Rapid Expansion
The “corvette navy” of the RCNVR and the Battle of the Atlantic against the German U-boats are remembered as the major contribution of the RCN, but that was not nearly the sum of the Navy’s accomplishments. In 1941, with the fate of Britain uncertain and the US not yet committed to joining the war, the growing competence of the RCN and the possible requirement to defend home waters prompted the building of a strong national navy. The defeat of the U-boats remained a priority, but the government ordered the acquisition of cruisers and powerful Tribal-class destroyers in addition to scores of anti-submarine corvettes and other escorts.
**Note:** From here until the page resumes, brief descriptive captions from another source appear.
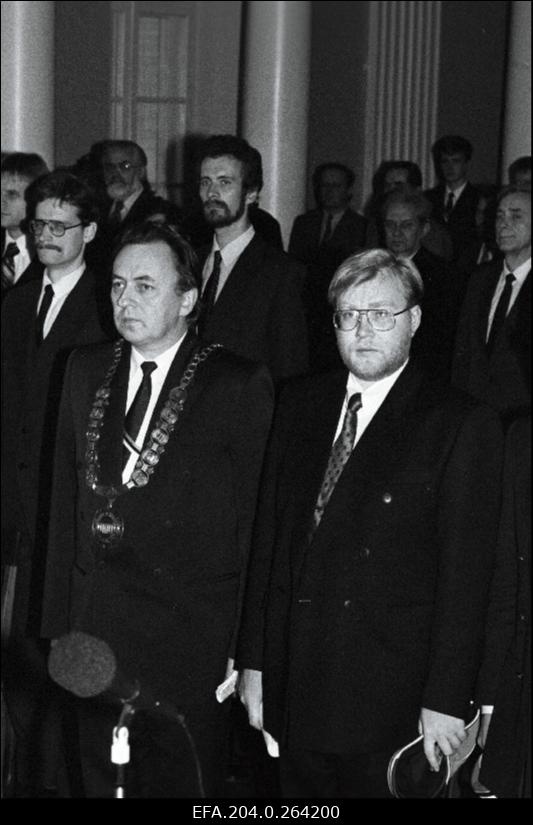 Mart Laar  ja TÜ rektor Jüri Kärner Tartu Ülikooli alulas.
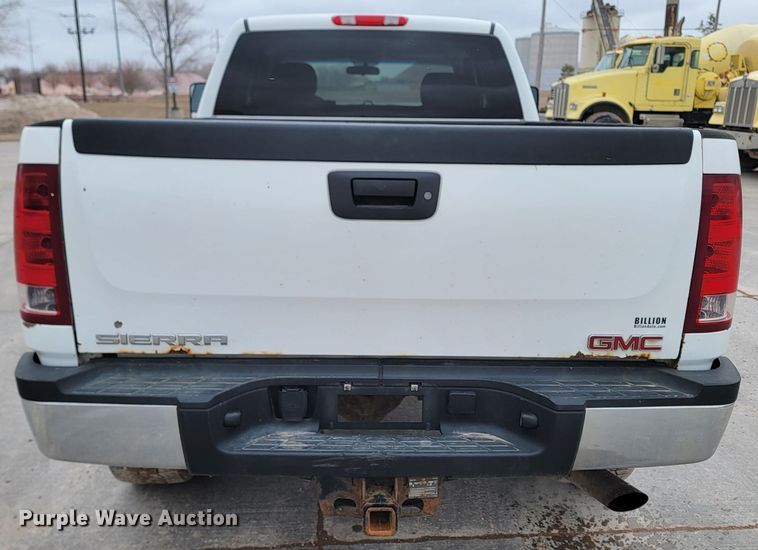 image for item LV9460 2013 GMC Sierra 2500HD  Ext. Cab pickup truck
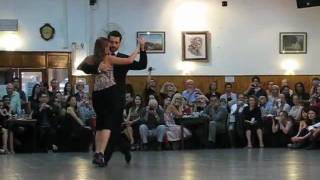Javier Rodriguez y Andrea Misse bailan en La Baldosa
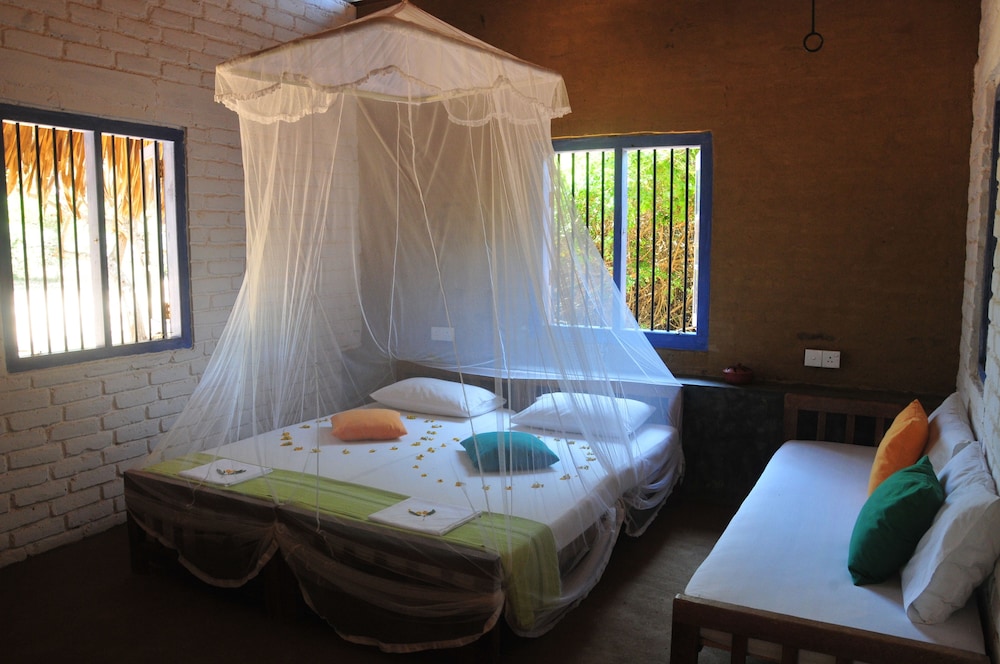 Back of Beyond - Safari Lodge Yala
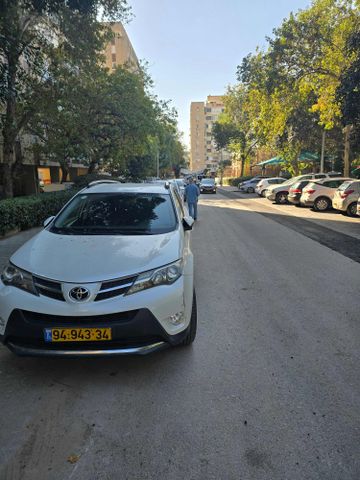 מודעת רכב טויוטה RAV4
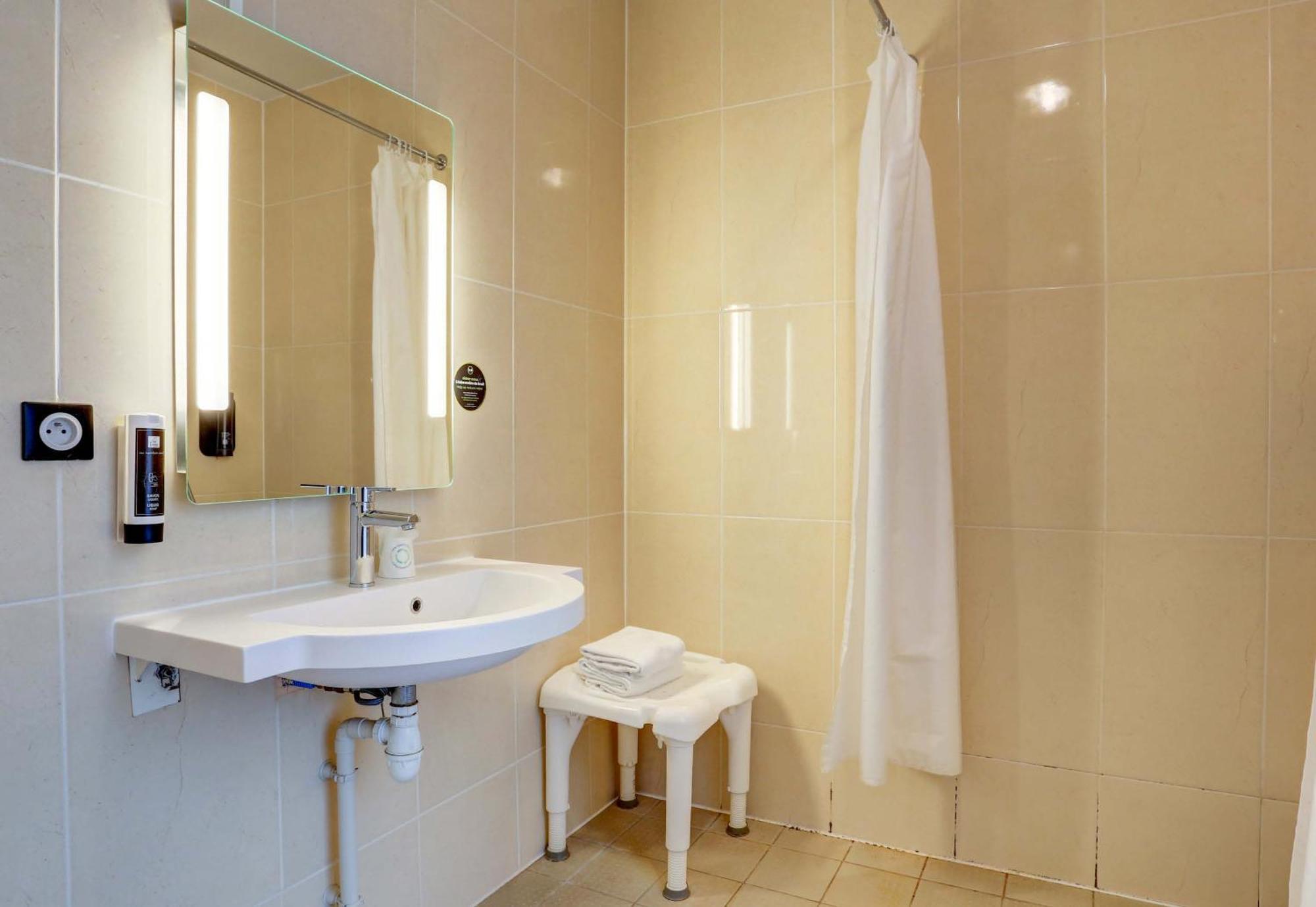 B&B Hotel Reims Bezannes Exteriör bild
The naval college was reopened to ensure the training of officers in Canada. The rapid thirtyfold expansion (to some 96,000 sailors of all ranks by war’s end, as well as some 6,500 women), plus the effort to get large numbers of ships to sea — often before they were fully combat-effective — led to an equipment and training crisis in the spring of 1943. This resulted in the dismissal of the chief of naval staff, Vice Admiral Percy Nelles.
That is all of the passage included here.